Bibliographic Collection: 
APE
Publication Type: Journal Article
Authors: Staubwasser, Michael; Drăgușin, Virgil; Onac, Bogdan P.; Assonov, Sergey; Ersek, Vasile; Hoffmann, Dirk L.; Veres, Daniel
Year of Publication: 2018
Journal: Proceedings of the National Academy of Sciences
Date Published: 08/2018
Publication Language: eng
Abstract:

A causality between millennial-scale climate cycles and the replacement of Neanderthals by modern humans in Europe has tentatively been suggested. However, that replacement was diachronous and occurred over several such cycles.
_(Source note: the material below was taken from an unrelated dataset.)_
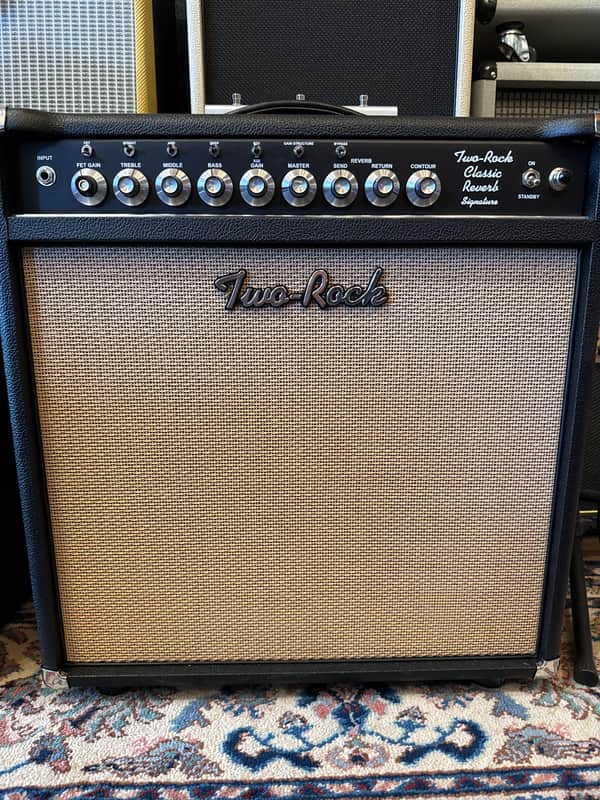 Two Rock Classic Reverb Signature 40/20 Combo image 1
A poorly constrained continental paleoclimate framework has hindered identification of any inherent causality. Speleothems from the Carpathians reveal that, between 44,000 and 40,000 years ago, a sequence of stadials with severely cold and arid conditions caused successive regional Neanderthal depopulation intervals across Europe and facilitated staggered repopulation by modern humans. Repetitive depopulation–repopulation cycles may have facilitated multiple genetic turnover in Europe between 44,000 and 34,000 years ago.Two speleothem stable isotope records from East-Central Europe demonstrate that Greenland Stadial 12 (GS12) and GS10—at 44.3–43.3 and 40.8–40.2 ka—were prominent intervals of cold and arid conditions. GS12, GS11, and GS10 are coeval with a regional pattern of culturally (near-)sterile layers within Europe’s diachronous archeologic transition from Neanderthals to modern human Aurignacian. Sterile layers coeval with GS12 precede the Aurignacian throughout the middle and upper Danube region. In some records from the northern Iberian Peninsula, such layers are coeval with GS11 and separate the Châtelperronian from the Aurignacian. Sterile layers preceding the Aurignacian in the remaining Châtelperronian domain are coeval with GS10 and the previously reported 40.0- to 40.8-ka cal BP [calendar years before present (1950)] time range of Neanderthals’ disappearance from most of Europe. This suggests that ecologic stress during stadial expansion of steppe landscape caused a diachronous pattern of depopulation of Neanderthals, which facilitated repopulation by modern humans who appear to have been better adapted to this environment. Consecutive depopulation–repopulation cycles during severe stadials of the middle pleniglacial may principally explain the repeated replacement of Europe’s population and its genetic composition.